First, Moses recounts the people’s reluctance to come near to the mountain, and he tells them that God said, Shamati, “I heard all the words that the people said.” I heard.
The word shema means more than just to hear, it means listen, pay attention. One of the kindest things we can say to one another is “I hear you.” Sometimes that’s all we need, is to be heard.
Rabbi Abraham Joshua Heschel wrote, “Jewish prayer is an act of listening. We do not bring forth our own words. The self is silent; the spirit of the people Israel speaks. In prayer, we listen.”
Listen. You know what commandment comes next: Shema Yisrael; “Listen Israel: The Lord our God, The Lord is One.” (Deut. 6:4)

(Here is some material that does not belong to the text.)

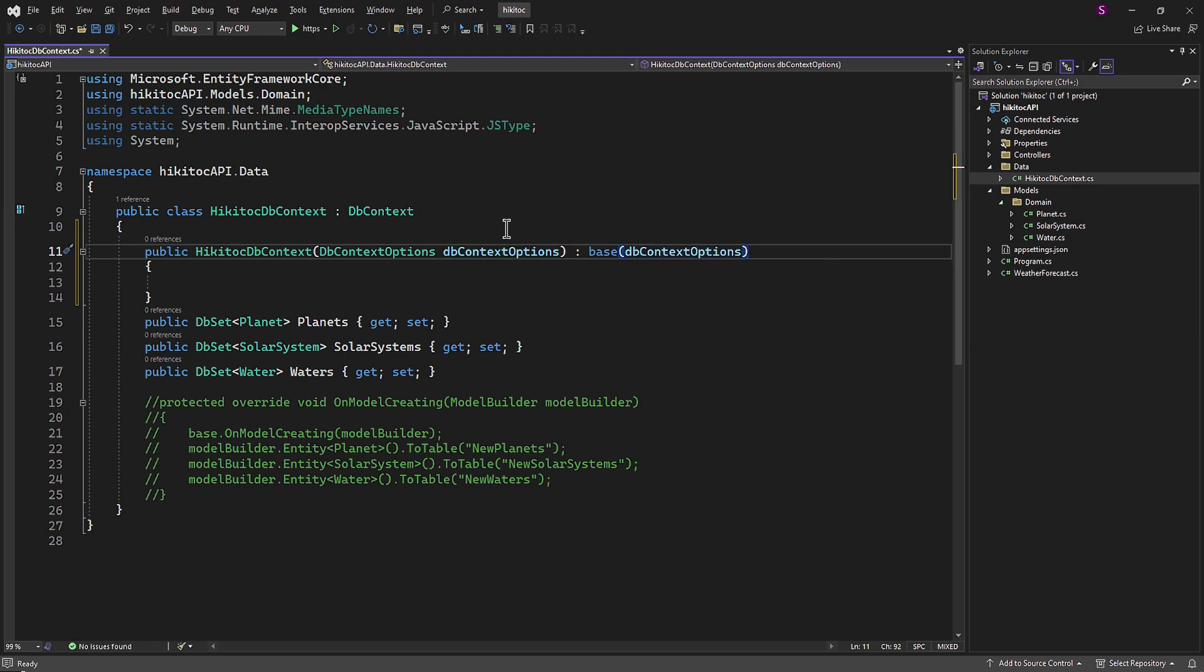I will briefly explain this constructor usage. The constructor for HiKaiTalkDBContext accepts an instance of dbContextOptions as a parameter. dbContextOptions contains configuration options for our database context, such as the database provider and connection string, which we are going to create in a bit.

But immediately before the Shema there is a three-word phrase that has always jumped out at me: V’Shamata Yisrael v’shamarta. The first two words are easy to translate – Listen Israel! But the third is a multi-layered word, from the root lishmore. To be watchful, to do, to protect. A shomare is a person who watches over others. We sing v’shamru every Friday night, “and you will observe Shabbat.” This simple phrase, “listen Israel, and observe,” speaks volumes about what the Torah expects of us.
Of all the words in the Torah, this portion contains the most uses of the words shema and shamore. We are constantly reminded of our task here on earth.
And so on this tenth day of Av, we listen, we do, and we rise up from our sorrow like the phoenix, and we soar.